The majority of the tens of thousands of previously loyal customers Barclays is trying to discard (for no valid reason, business or otherwise, that I can fathom) are probably retirees who have relatives, children and grandchildren back in the UK, most, if not all all of whom are almost certainly also loyal Barclays customers. Did the idiot who made the “strategic decision” take into account the loss of business that is likely to arise when they are advised to switch accounts to other banks in protest at Barclays' underhanded treatment of their relatives? What about those customers at the low end of Barclays' core markets, will they not too be worried by these developments?

What sort of idiotic strategy is so ill-conceived that it has discrimination as its cornerstone? What sort of idiotic strategy says “We, Barclays have supported current accounts for non-UK-residents for years. We will now cease support for one year, forcing all these accounts to close and earn us nothing but ill-will, charges of discrimination and bad publicity. After a year we will then support current accounts for non-UK-residents again.”?

I'd have thought the last thing that Barclays would want is a highly publicised discrimination scandal involving many thousands of customers coming so quickly on the heels of the Libor and PPI scandals! Does Barclays have a death wish? If I had shares in the company I'd be scrabbling to offload them. No wonder their share price is way down over 5 years compared to the FTSE 100.

I hope that before the deadline Barclays will come to their senses and realise the stupidity of this “strategic decision”. But I won't be holding my breath. As with the Libor scandal, Barclays has no idea of ethical treatment of its customers and believes itself to be above the law - but in the past it has always come back to haunt them.
The source document contains links to Microsoft WORD and PDF files of specimen letters for you to send to Barclays if you have been targetted by them in this underhand way.

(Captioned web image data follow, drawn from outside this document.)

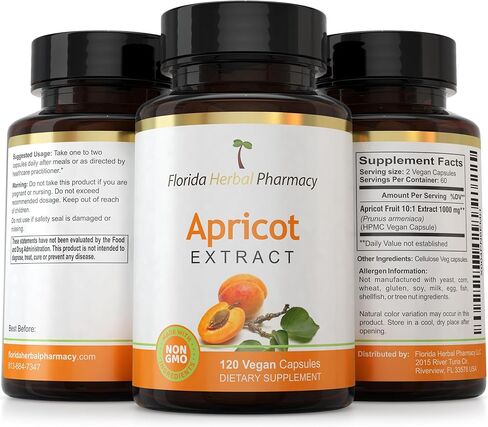 Florida Herbal Pharmacy، كبسولات المشمش 10:1 (120 كبسولة) 500 مجم لكل كبسولة، 1000 مجم (عبوة من قطعة واحدة) in Kuwait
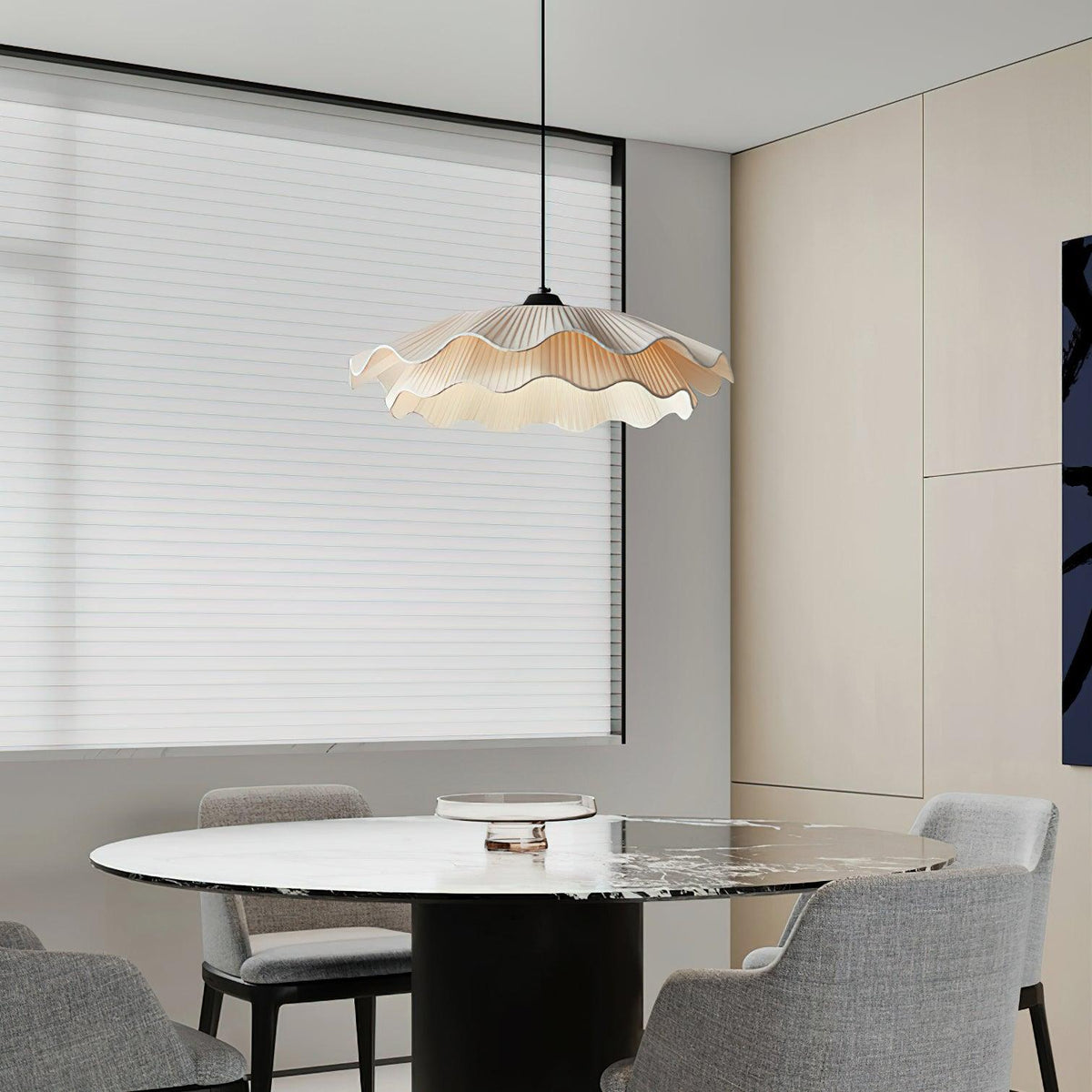 Adjustable Hanging Fixture with Metal & Cloth Shade for Overhead Illumination in Dining Spaces
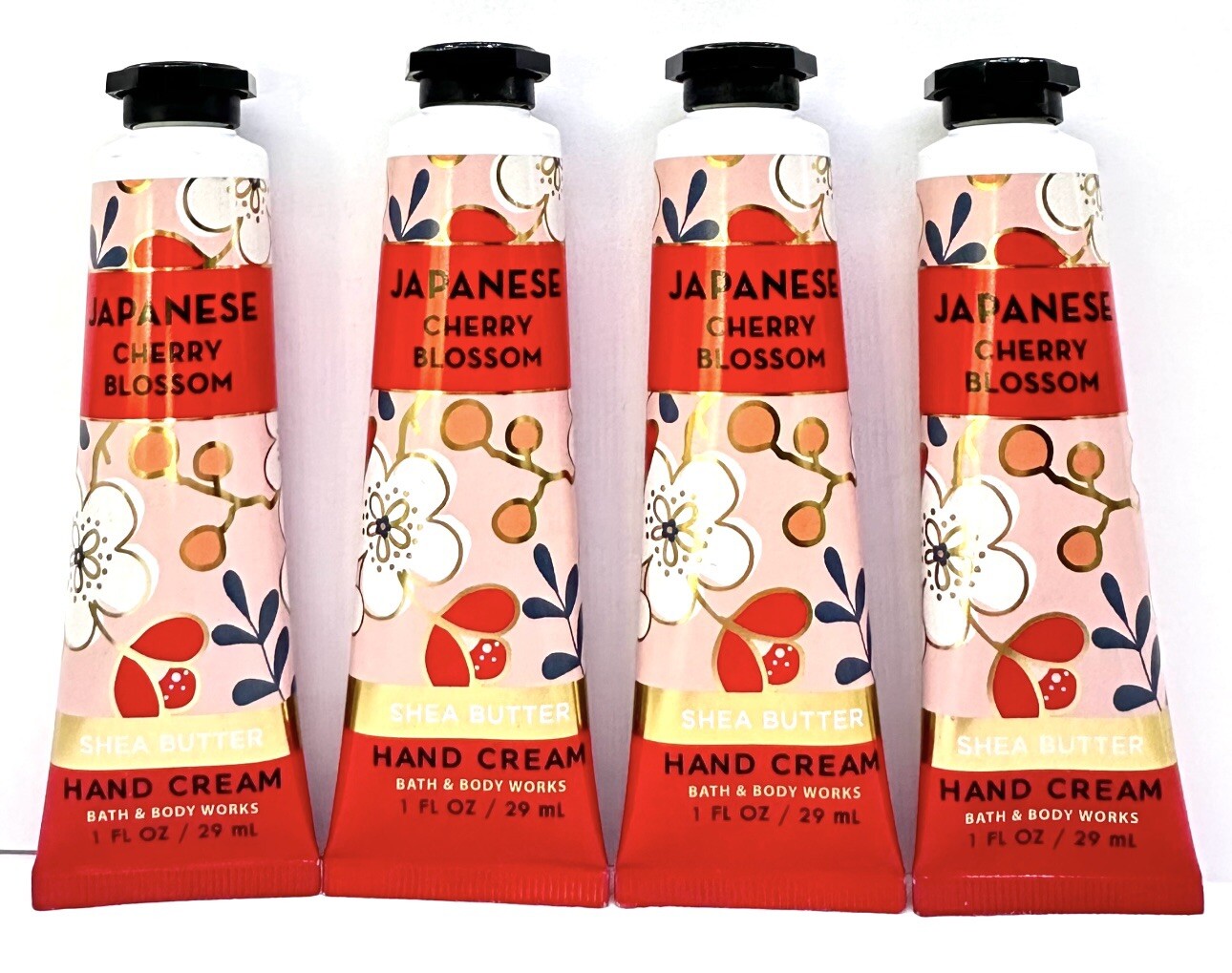 4 BATH & BODY WORKS JAPANESE CHERRY BLOSSOM HAND CREAM LOTION SHEA BUTTER TRAVEL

source - BARCLAYS - Discrimination against ex-pats


----------



## PeteandSylv (Sep 24, 2008)

The issue of whether ex-pats will be affected by GB leaving the EU is not worth wasting time thinking about. In the unlikely event that GB was to leave it would not happen overnight but I do believe that there would be immediate efforts to put into place trade agreements, citizen's rights and benefits, reciprocal arrangements and lots of other legally defined issues. In other words I would anticipate that it would become "business as usual" based on negotiated agreements rather than EU dictates.

But in truth I nor you have any idea of exactly what would happen and all the conjecture in the world won't change that.

As far as Barclays is concerned I have no love for that organisation which has probably behaved worst of all the UK banks and I closed my account with them long ago. However I would be dismayed if there exists legislation that dictates that any company or business was unable to choose who they wished to do business with on flimsy grounds like discrimination or human rights.

Unless there is a breach of contract with the customer an organisation should be free to terminate their relationship just as the customer is entitled to do.

All the aggrieved Barclays customers will probably find themselves better off with alternative organisations so the only motivation for continuing looking for cause to deem the separation illegal is to support the compensation culture that has grown in the UK.

Pete


----------